■ What to work on ■
Word for word, output every line of the material below, minus pictures.

■ Data extract ■
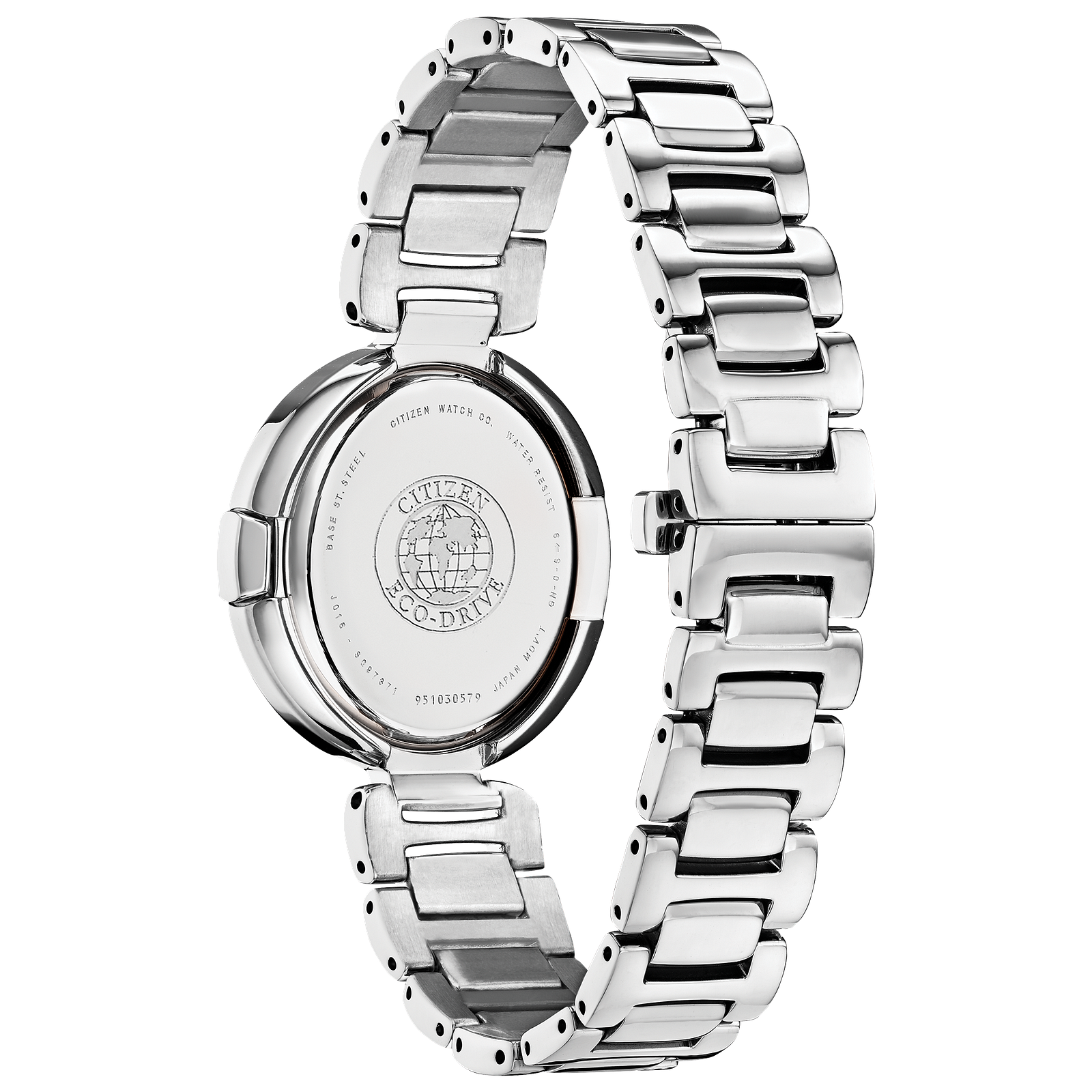Citizen Capella EX1500-52A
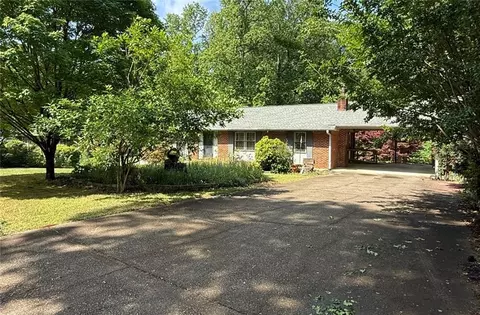 4140 Citizen Cir, Austell, GA 30106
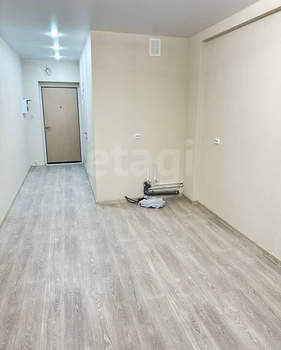 Студия квартира, вторичка, 24м2, 13/19 этаж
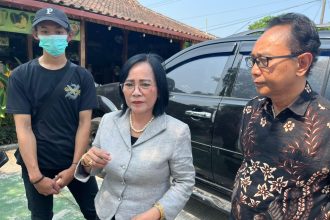 Notaris Berkelit Ingkar Menyerahkan Surat Kuasa Jual, Kuasa Hukum Bertindak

■ Answer box ■
Citizen Capella EX1500-52A
 4140 Citizen Cir, Austell, GA 30106
 Студия квартира, вторичка, 24м2, 13/19 этаж
 Notaris Berkelit Ingkar Menyerahkan Surat Kuasa Jual, Kuasa Hukum Bertindak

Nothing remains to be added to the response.